Комиссар тяжело дышал. Было заметно, что он заранее настроен против версии.
Маннинг продолжал:
— Фраза, о которой я говорю, либо являлась выдержкой из текста книги, либо запиской сеньориты Гутьеррес. Первое было легко выяснить. В тот вечер, перед смертью, сеньорита сказала нам, что у нее в комнате целая библиотека из книг, которые она перевела. Я попросил у инспектора позволения ознакомиться с рукописями. Он сказал мне, что мы не имеем права к ним прикасаться. Разрешения прочитать уже опубликованные книги я добился: все-таки их нельзя назвать личными бумагами. За два вечера я прочитал оригинал романа, который переводила сеньорита, и значительную часть других, уже переведенных, книг. Остальные прочел инспектор. Мы действовали вполне осознанно и знали, что ищем. Можем вас заверить, что ни в одной из книг той фразы нет.
Воцарилось молчание.
Наконец комиссар воскликнул:
— Уважаемый инспектор! Какая странная манера сотрудничать со своими коллегами!

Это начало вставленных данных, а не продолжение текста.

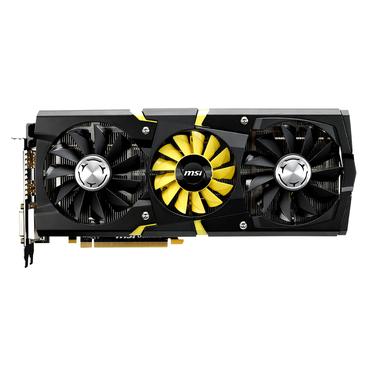 MSI R9 290X LIGHTNING - AMD Radeon R9290X - 4GB GDDR5 - PCI Express 3.0 x16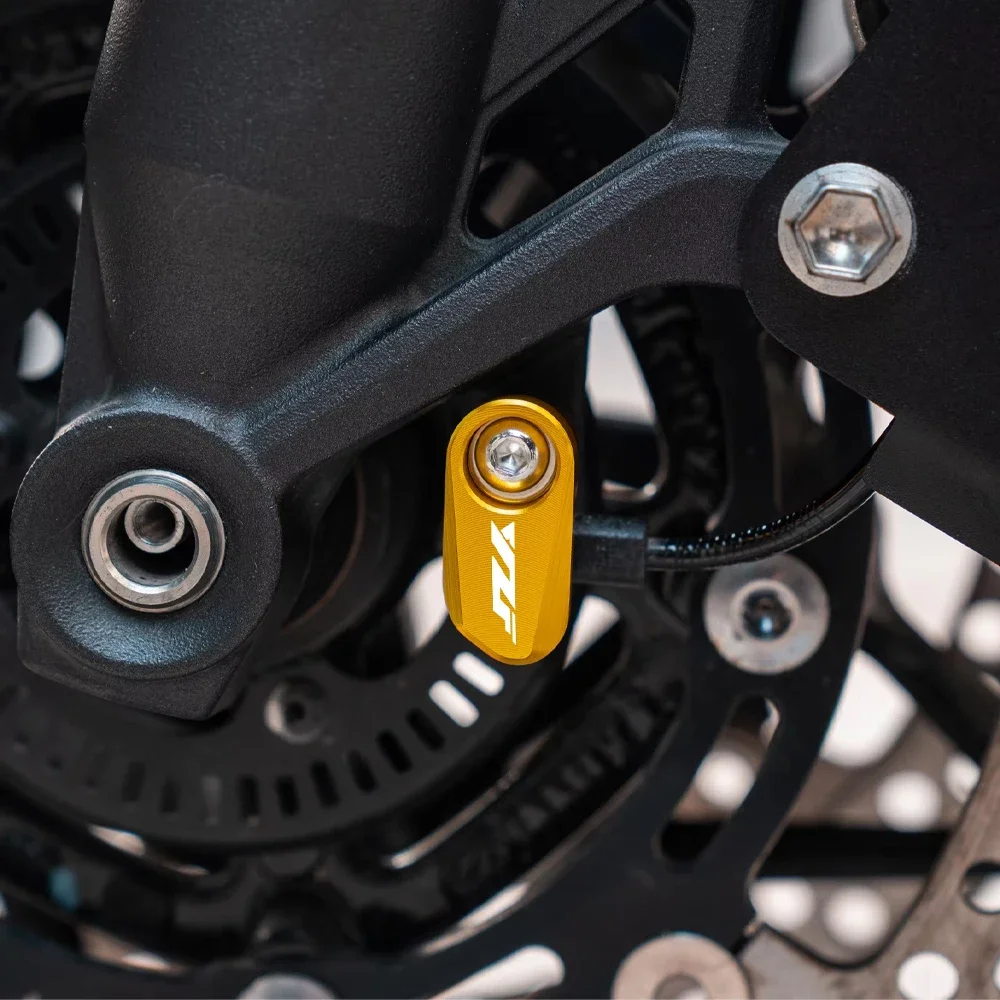 صالح لياماها YZFR9 YZF-R9 YZF R3 R6 R7 R9 2025 دراجة نارية الملحقات الجبهة الخلفية عجلة ABS الاستشعار حماية غطاء حماية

По его тону чувствовалось, что он глубоко задет, а также что он понял Маннинга, но не испытывает ни малейшего интереса к его версии. Что до меня, то я едва сдерживал любопытство (и, честно говоря, горжусь этим: прочность нашей связи с жизнью измеряется силой наших страстей). Я стал умолять Маннинга не тянуть и прочитать нам наконец эти слова — ключ, открывший ему и Атвеллу то, что для нас все еще оставалось тайной.
— Вот что написала сеньорита Гутьеррес перед смертью, — монотонно проговорил Маннинг и прочитал по бумажке: «С болью объявляю о своем решении, потому что слишком хорошо знаю, как оно ужаснет вас, а если что-то и могло бы побудить меня отказаться от моего твердого намерения, то это только наша долгая дружба и мысль о вашем добром ко мне отношении и привязанности. Но все оборачивается так, что мне не остается ничего, кроме как попрощаться с этим миром и покинуть его».